It's not that a physical thing can't create another physical thing (even though it would actually be a physical thing creating a physical thing out of nothing), it's that the werewolf, a physical thing, would have nowhere to be while creating the universe, and no time to do it in.

>If a wearwolf doesn't exist, it can be whatever definition I'd like. Just like your god.

No this is idiotic. The word werewolf has a definition. You can't just change the definition however you'd like. If you can, then the conversation is meaningless because you'll just change it to be exactly like god, and then we're not talking about werewolves anymore.

> I would need to know why you think anything is likely in order to demonstrate why my wearwolf is likely. You would have to present your argument for why god is likely to have created the universe. I can then replace god with anything, and the argument will probably not change, if it's any of the popular ones. To be clear. Any argument I present would be a straw man of whatever you actually believe God is. I don't know how else to explain this.

Wrong. What I have to do is show why a werewolf is less likely to have created the universe than god, and I have. You don't seem to have anything to say in response.

>It is informed. Not sure that infants have developed morals, but I'm sure you have a well thought out argument on why slavery and genocide are cool.

I never said slavery and genocide are cool, I said you have an infantile understanding of religion.

>They're equally likely within the context of an argument for the likelihood of any being creating a universe. I personally don't think the likelihood of either is even measurable. If you say god is likely, because of reasons. I could replace god with a wearwolf, and the reasons wouldn't need to change.

Yeah you keep saying this and it's not true. You get that you're supposed to be making an argument, right? All you're doing is repeating that they're same over and over, and not explaining how. Prove to me that they're the same likelihood. Why are you saying anything else? All you should be doing is proving that, or taking back what you said.

>If a being needs to be capable of creating a universe to create a universe, then that is the only characteristic necessary for creating a universe. Adding additional requirements only makes it harder to prove. My wearwolf can be both a wearwolf and have the ability to create a universe. That ability wouldn't make it less of a wearwolf. It could possibly be more likely, because the characteristics of a wearwolf can be found in nature. Whereas the common characteristics given to a god are found NOWHERE. So what seems like a bigger stretch? But again, if you assert that additional characteristics are required to be capable of creating a universe, the onus is on you to argue that assertion.

The fact that there were men and wolves in nature absolutely does not make it more likely that a werewolf created the universe, because NOTHING about men or wolves would indicate that they can create universes. In fact, we know so much about them that it makes it way less likely. God, being defined as an all-powerful metaphysical being is much more likely to have created the universe, because nothing about the nature of god, as is traditionally defined, prevents it from doing so.

>A omniscient god would know. Otherwise, we could start with any that is measurable and predictable, and work our way towards a reasonable conclusion.
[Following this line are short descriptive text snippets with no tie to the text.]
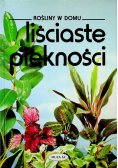 Rośliny w domu Liściaste piękności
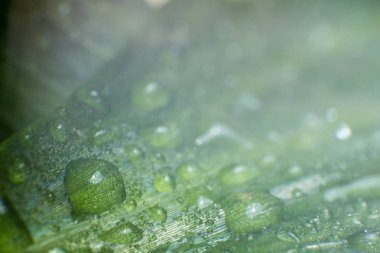 Bahar ve yaz yeşil yapraklar waterdrops makro resimle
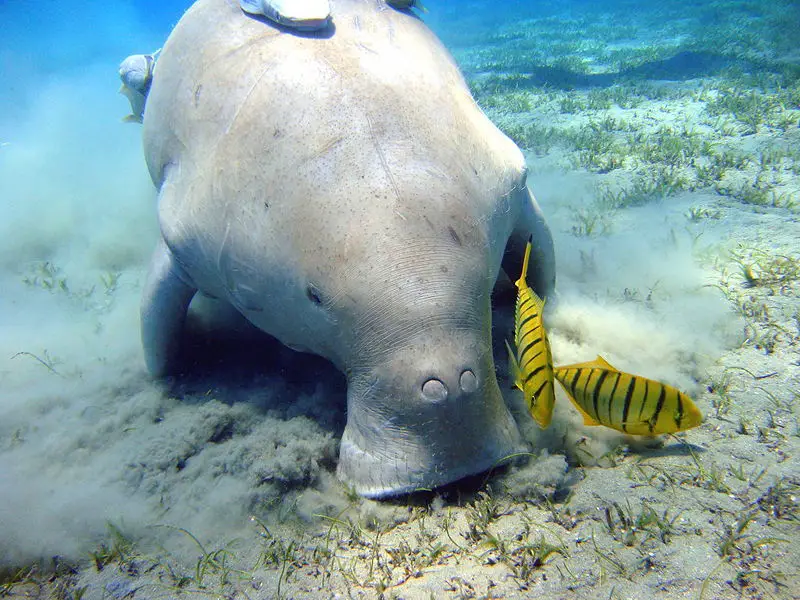 File:Dugong Marsa Alam.jpg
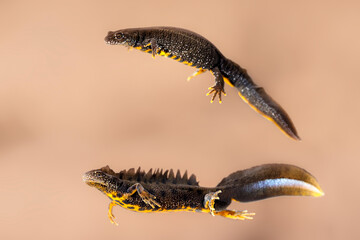 Great crested newt (Triturus cristatus) pair - female up and male below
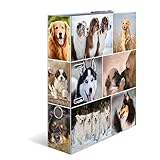motiventa Lieferumfang: 1 HERMA Animals Hunde A4 Motivordner (Länge/Breite/Höhe: 28,5 x 7 x 31,5 cm)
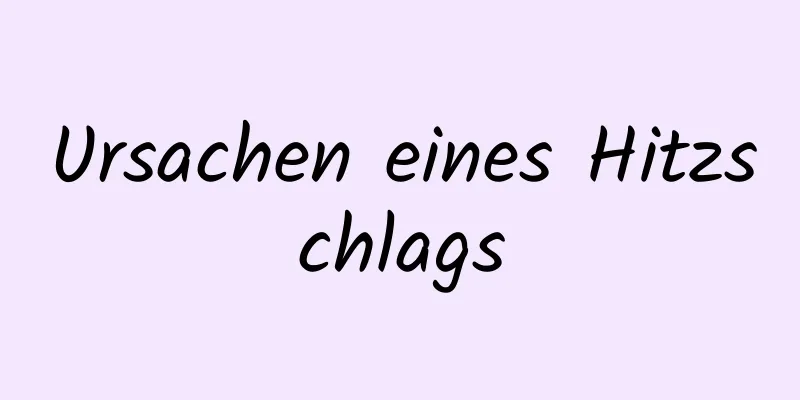 Ursachen eines Hitzschlags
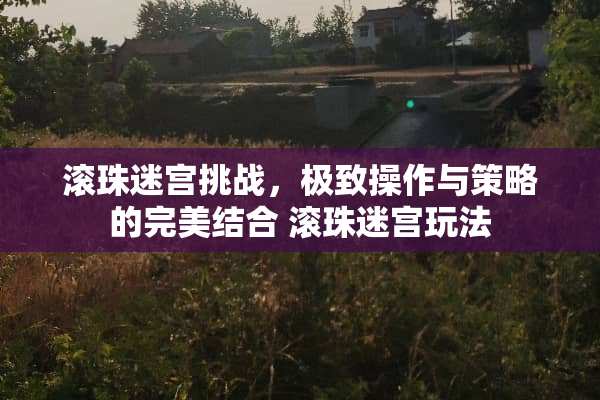 滚珠迷宫挑战，极致操作与策略的完美结合 滚珠迷宫玩法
An omniscient god would know what?

>I don't have an argument to present unless you give me your reason for believing a universe creating being is likely at all. Then we can discuss why a wearwolf is as equally as likely as a that being. I have no idea why you think what you think, and I'm not going to guess from a wiki page.

You're very confused. I'm not proving to you that god exists, I'm proving to you that it's more likely that god created the universe than a werewolf. The fact that there is a long line of argumentation for god is itself evidence, because there is no corresponding argumentation for a werewolf creating the universe. If you have some, feel free to present it. Since you flippantly dismissed the fact that I gave you a wikipedia page to introduce you to apologetics, here are some books:

https://www.amazon.com/Mere-Christianity-C-S-Lewis/dp/0060652926/ref=sr_1_1?s=books&ie=UTF8&qid=1509549912&sr=1-1&keywords=mere+christianity

https://www.amazon.com/Last-Superstition-Refutation-New-Atheism/dp/1587314525/ref=pd_lpo_sbs_14_t_1?_encoding=UTF8&psc=1&refRID=V2XKAWX4HD8JGV0KGHDZ

https://www.amazon.com/Aquinas-Beginners-Guide-Edward-Feser/dp/1851686908/ref=pd_lpo_sbs_14_t_2?_encoding=UTF8&psc=1&refRID=V2XKAWX4HD8JGV0KGHDZ

https://www.amazon.com/Five-Proofs-Existence-Edward-Feser/dp/1621641333

u/SharpSightLabs · 1 pointr/dataisbeautiful

You're welcome. Great to hear that it's useful.
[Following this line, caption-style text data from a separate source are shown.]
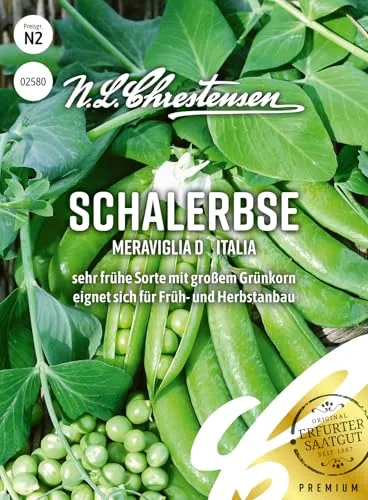 Schalerbse Feltham First Samen, Saatgut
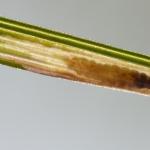 Elachista humilis - Grijze grasmineermot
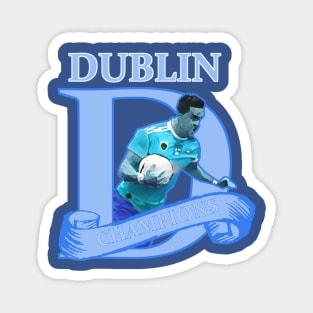 Dubs all Ireland Champions Magnet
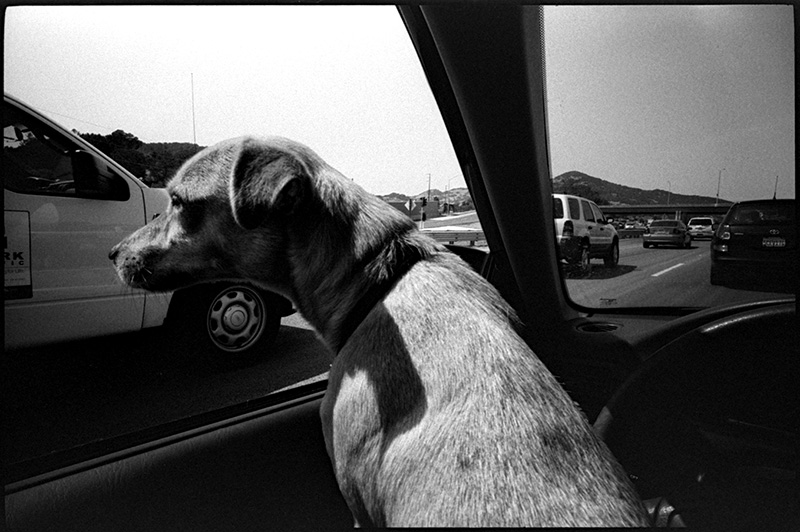 0268_02A black and white photograph, bay area california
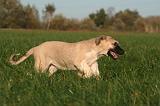 KANGAL 155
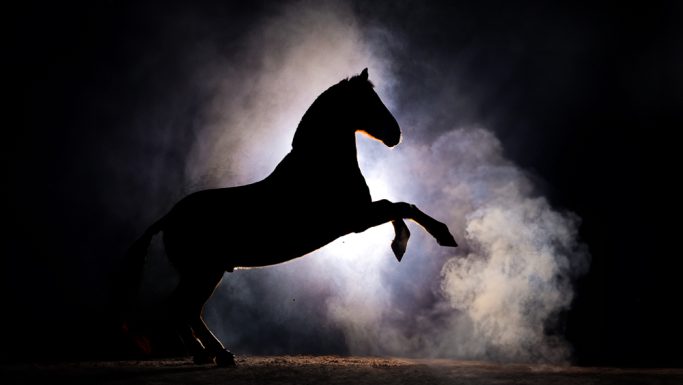 Ein majestätisches Pferd, das im Gegenlicht aufrecht steht, umgeben von Nebel.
In many ways, I started the blog because I don't like most of the beginner resources. They either:

  1. Start with boring, low level, low ROI things like data types (even though most of the time, you'll be working with data frames anyway), or
  2. Tell you to start with the advanced stuff like machine learning, which is sort of like telling someone to start with calculus before doing algebra

    I definitely recommend starting with data visualization (out of the three "core skills" of data wrangling, data visualization, and machine learning).

    Conceptually, I think that Nathan Yao's Data Points is a solid introduction to data visualization. He covers just enough theory, but also lots of practical points concerning best practices, process, etc.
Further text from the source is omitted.